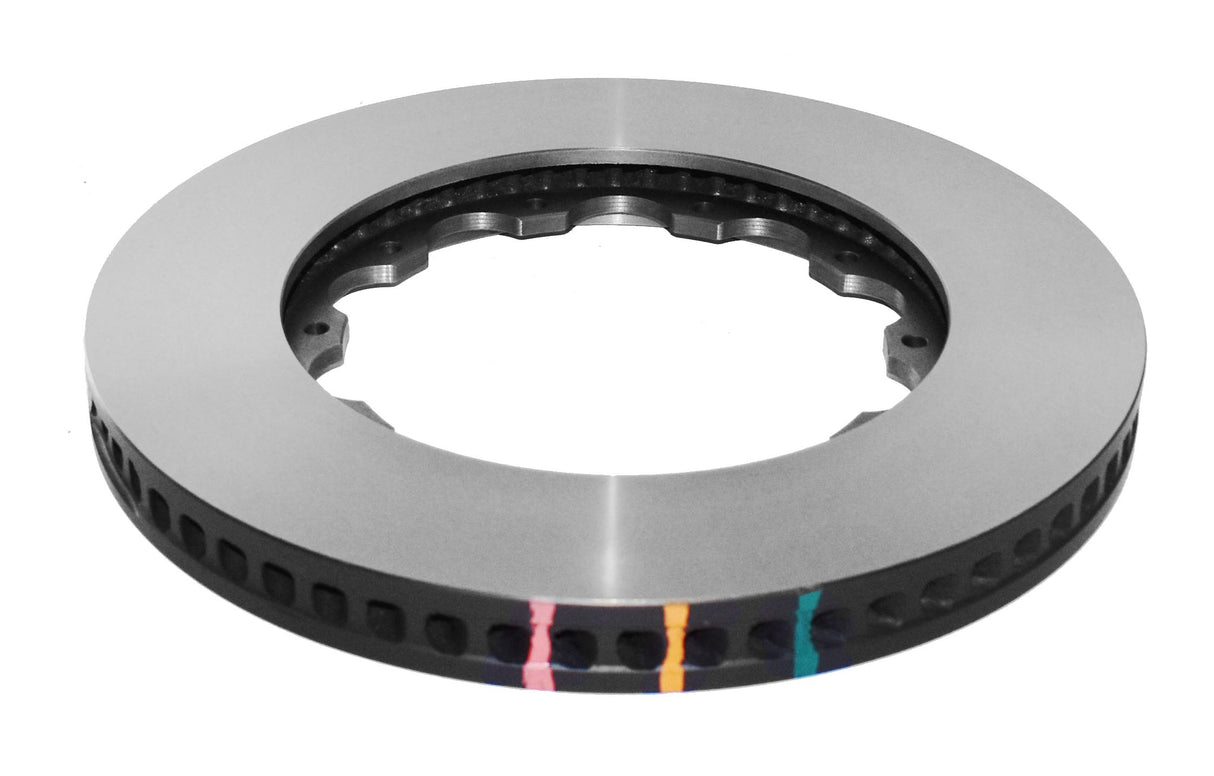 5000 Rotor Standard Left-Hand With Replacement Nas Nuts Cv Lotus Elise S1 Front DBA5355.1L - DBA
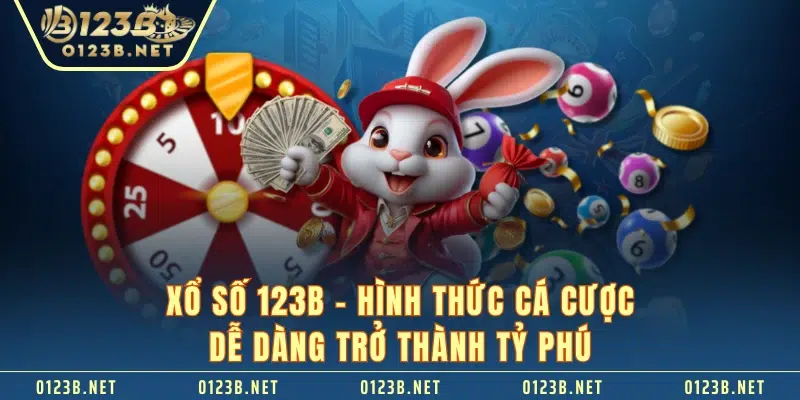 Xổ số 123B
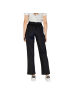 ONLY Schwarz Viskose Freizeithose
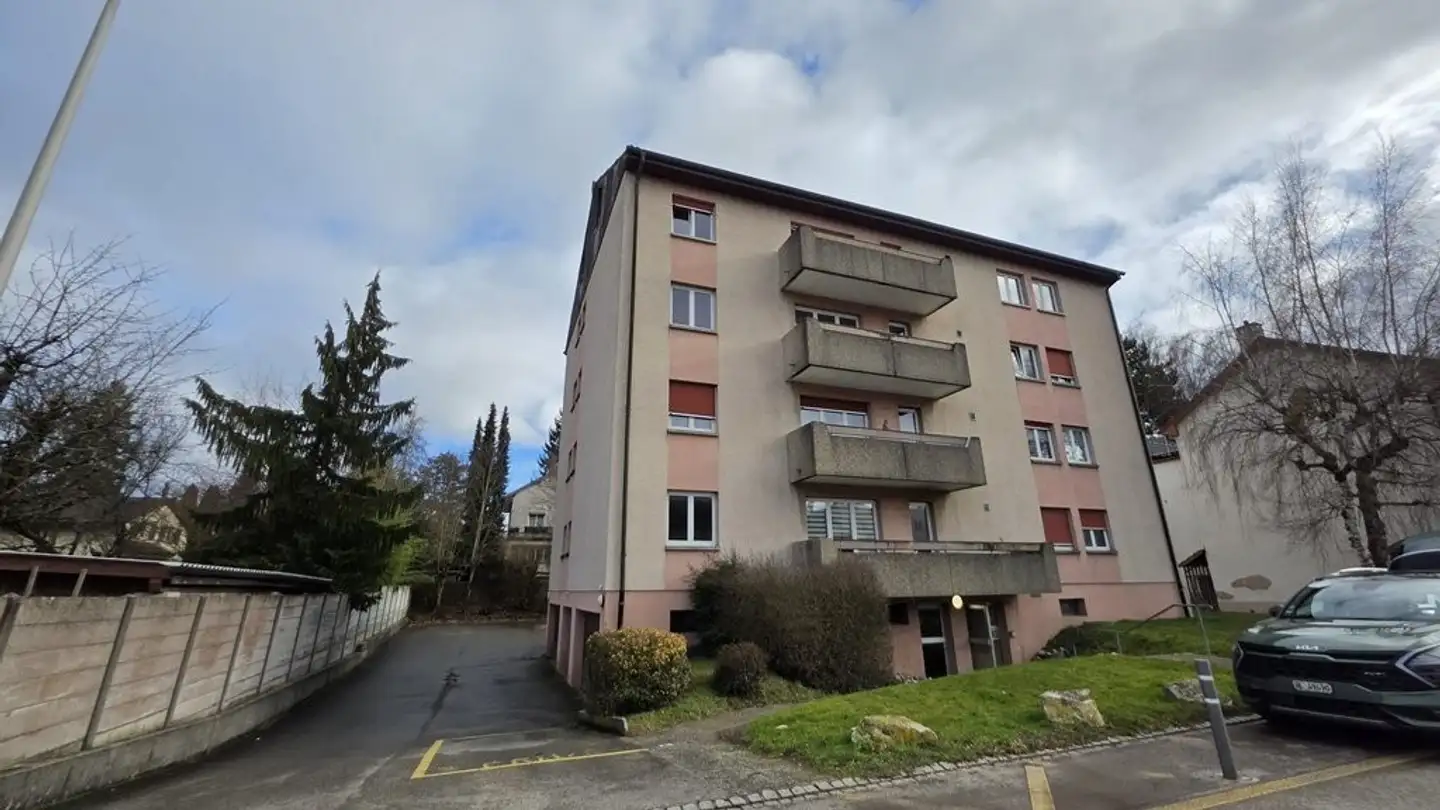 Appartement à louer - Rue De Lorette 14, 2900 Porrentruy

ACTIVITY >>
With the pictures removed, repeat the listing above exactly as it stands.

ANSWER SPACE >>
 5000 Rotor Standard Left-Hand With Replacement Nas Nuts Cv Lotus Elise S1 Front DBA5355.1L - DBA
 Xổ số 123B
 ONLY Schwarz Viskose Freizeithose
 Appartement à louer - Rue De Lorette 14, 2900 Porrentruy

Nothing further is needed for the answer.